2.4 Het bezwaar van eiseres tegen de route van het klompenpad is naar het oordeel van de rechtbank te herleiden tot het subsidiebesluit van 16 november 2007. Met betrekking tot de vraag of dit besluit een besluit is in de zin van artikel 1:3 van de Awb overweegt de rechtbank als volgt.
Bij beslissing van 16 november 2007 heeft verweerder van het gemeentelijk budget voor recreatie en toerisme € 23.125,00 beschikbaar gesteld aan LG voor de realisatie van een klompenpad in de gemeente Putten. Bij brief van 22 november 2007 heeft verweerder LG opgedragen in het zoekgebied Gerven, Hell, Hoef en/of Huinen een klompenpad te realiseren en de werkzaamheden en procedures die hiermee verband houden, uit te voeren en te coördineren. Het subsidiebesluit is naar het oordeel van de rechtbank derhalve een beschikking omtrent subsidieverlening als bedoeld in artikel 4:29 van de Awb en dus een besluit in de zin van artikel 1:3 van de Awb. Dit brengt met zich dat verweerder het bezwaar van eiseres ten onrechte niet-ontvankelijk heeft verklaard.
2.5 De rechtbank dient verder ambtshalve te beoordelen of eiseres belanghebbende is in de zin van artikel 1:2 van de Awb. Volgens vaste jurisprudentie van de Afdeling bestuursrechtspraak van de Raad van State (hierna: de Afdeling), onder meer de uitspraak van 21 oktober 2009 (LJN: BK0831), kan een natuurlijke persoon als belanghebbende worden aangemerkt indien deze een voldoende objectief en actueel, eigen, persoonlijk belang heeft dat hem in voldoende mate onderscheidt van anderen en dat rechtstreeks wordt geraakt door het bestreden besluit.

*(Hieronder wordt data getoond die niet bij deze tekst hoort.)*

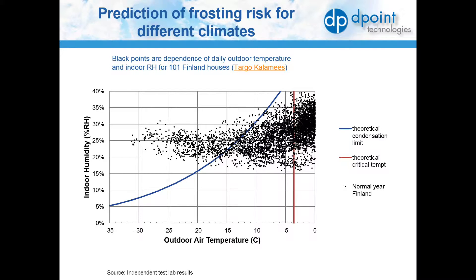It is important to take into consideration that frost formation depends on the specific application of the system and wintertime operating conditions. For example, the frost point on the core will vary according to the humidity level inside the building and the temperature of the cold air coming in. Excessive humidity can be caused by high occupancy or high levels of activity within a building.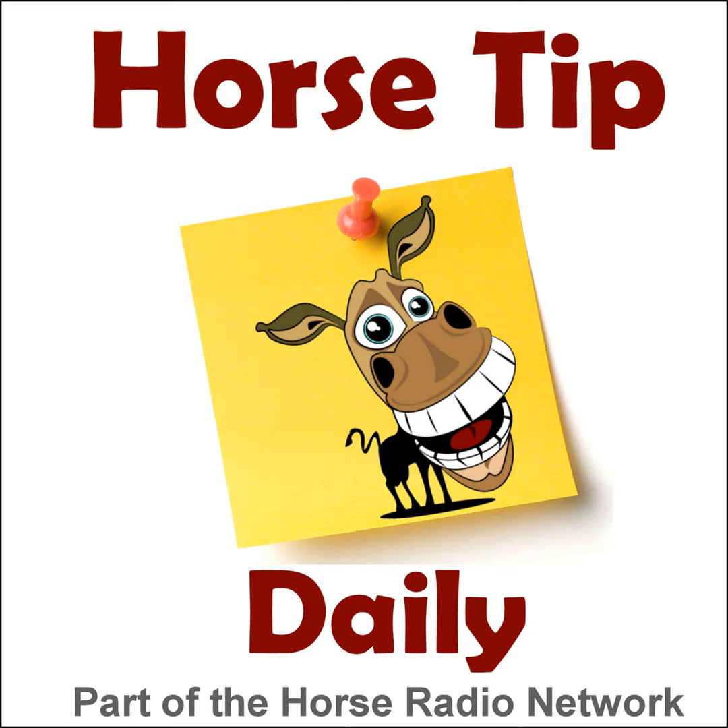The Horse Radio Network and the Horse Radio Network hosts are not responsible for statements made by guests on the Horse Tip Daily. Please use your own judgment when listening to the tips on this show.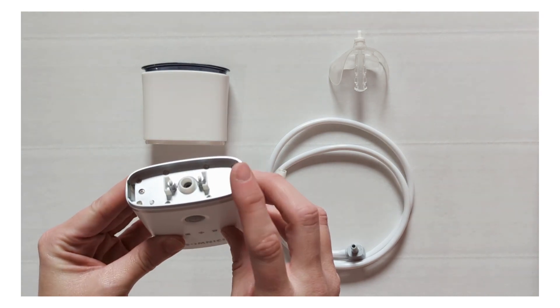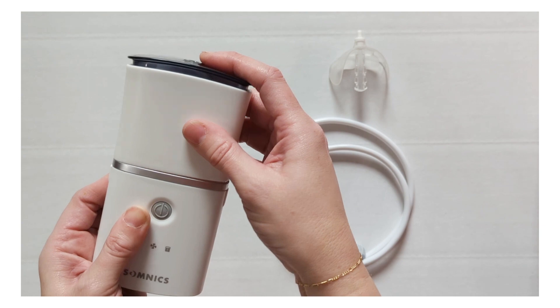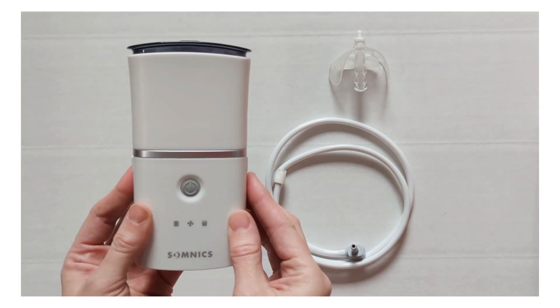Now we'll take our console and connect the saliva container to the console. Ensure you hear the click and that both sides are securely snapped in.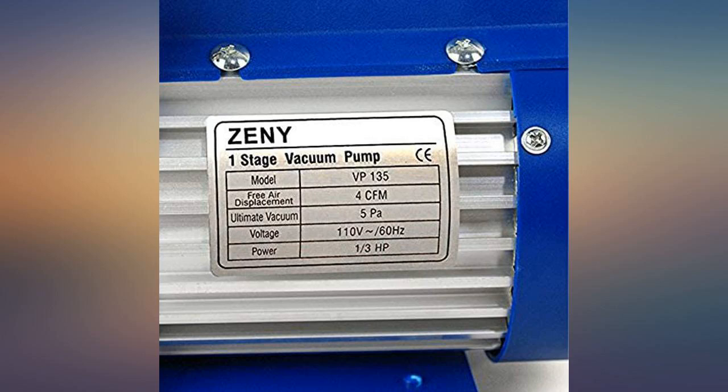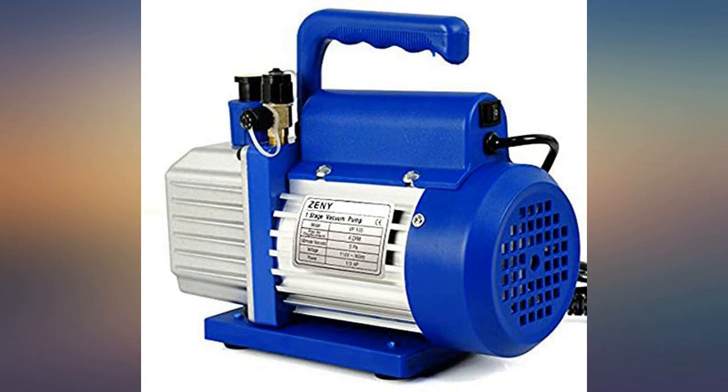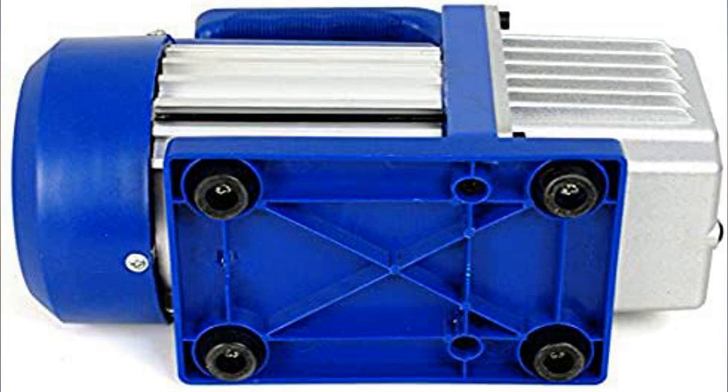This CFM Zeny is an excellent light duty vacuum pump for the $60 I paid. I have used it for a couple of hours over the past few months and it has performed flawlessly. I am definitely happy with this purchase.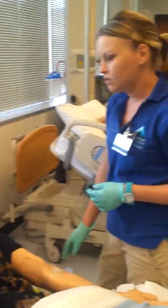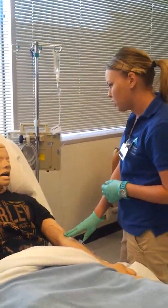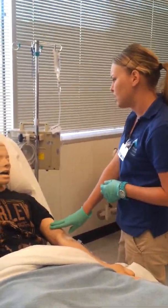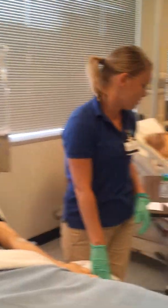All right, Mr. Johnson, this will take about an hour to run and I'll be back in about an hour. If you notice any pain, tenderness, or itching or anything at the site, please let me know. If you start to feel anything abnormal, let me know. All right. Thank you, sir. So then I would leave the room.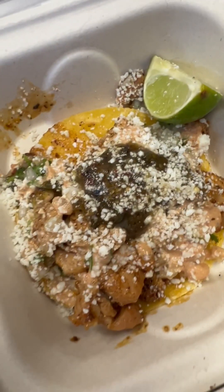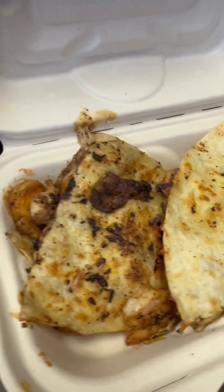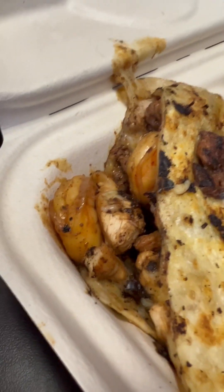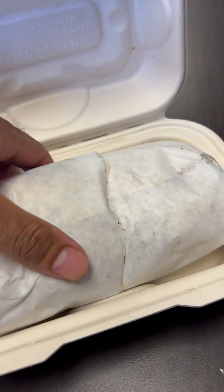All right, man, got the chicken taco right here — oh, we're looking good. The surf and turf quesadilla — got the chicken, shrimp, and steak. And we can't forget the surf and turf burrito, man — check that out.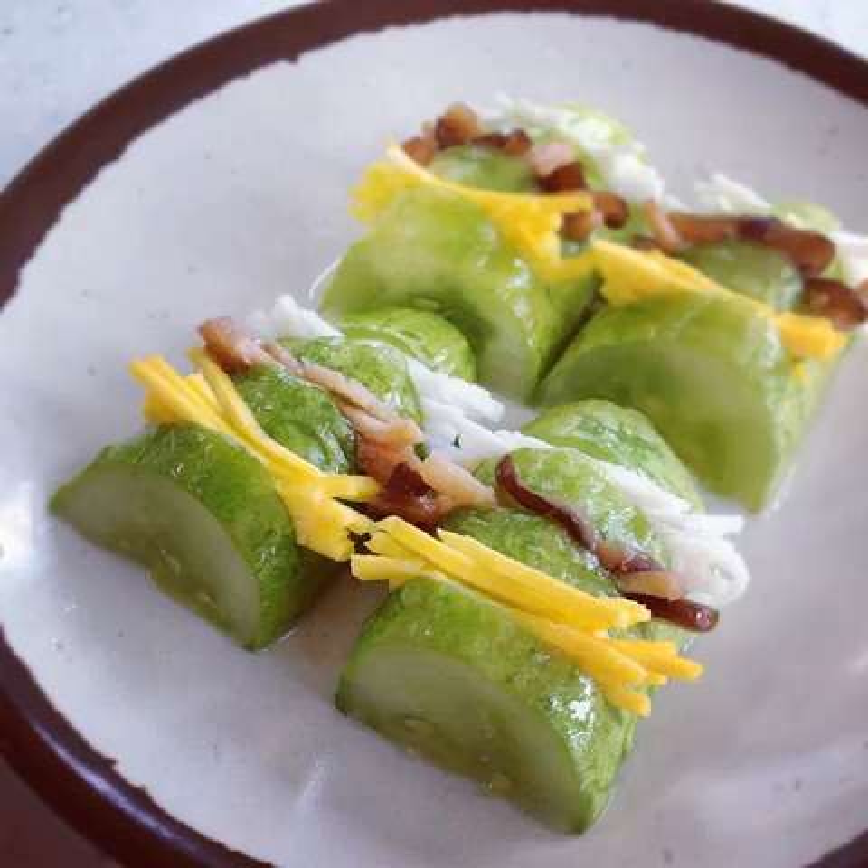Today, the term seon refers to dishes made from stuffed vegetables.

De rechtbank is van oordeel dat eiseres niet als belanghebbende kan worden aangemerkt, omdat zij geen rechtstreeks belang heeft bij het subsidiebesluit. Daartoe overweegt de rechtbank, onder verwijzing naar de uitspraak van de Afdeling van 15 december 2004 (LJN: AR7590) dat eiseres niet de aanvrager of de ontvanger van de subsidie is en evenmin is te beschouwen als derde-belanghebbende bij de subsidieverlening. Daarbij komt dat ten tijde van de subsidieverlening de exacte route van het klompenpad nog niet vaststond.
2.6 Ten overvloede overweegt de rechtbank als volgt.
Dat de realisatie van het klompenpad eiseres in haar belangen raakt, is niet in geschil. Onbestreden is dat sinds de openstelling van het klompenpad het aantal voorbijgangers is toegenomen, eiseres overlast ondervindt van wandelaars die op of in de nabijheid van haar erf picknicken, afval achterlaten en haar paarden onrustig maken en er toegenomen risico op besmetting van haar paarden bestaat. Eiseres heeft er ook op gewezen dat de Terpweg geen openbare weg is, zodat LG de wandelroute ten onrechte over deze weg heeft geleid. In het geval de Terpweg inderdaad geen openbare weg zou zijn, hetgeen door verweerder wordt betwist, dan zou eiseres middels een versperring de wandelroute over deze weg kunnen verhinderen en/of in overleg kunnen treden met verweerder en LG om een alternatieve route vast te stellen. Dit gaat echter de omvang van het huidige geding te buiten.
2.7 De rechtbank komt op grond van hetgeen is overwogen in r.o. 2.4 tot de conclusie dat verweerder de niet-ontvankelijkheid van het bezwaar heeft gebaseerd op een onjuiste wettelijke grondslag. Het beroep zal daarom gegrond worden verklaard. Omdat de niet-ontvankelijkheid op een andere grond gebaseerd kan worden, zal de rechtbank de rechtsgevolgen van het bestreden besluit in stand te laten
2.8 Er is aanleiding voor een veroordeling van verweerder in de proceskosten van eiseres. Met toepassing van het Besluit proceskosten bestuursrecht wordt ter zake van rechtsbijstand in de beroepsfase 1 punt (verschijnen zitting) toegekend, waarbij een wegingsfactor 1 wordt gehanteerd.
3. Beslissing
De rechtbank
- verklaart het beroep gegrond;
- vernietigt het bestreden besluit;
- bepaalt dat de rechtsgevolgen van het bestreden besluit in stand blijven;
- bepaalt dat verweerder het betaalde griffierecht van €152,00 aan eiseres vergoedt;
- veroordeelt verweerder in de proceskosten van eiseres tot een bedrag van €437,00.
Deze uitspraak is gedaan door mr. Tj. Gerbranda. De beslissing is in tegenwoordigheid van de griffier in het openbaar uitgesproken op 6 juni 2012.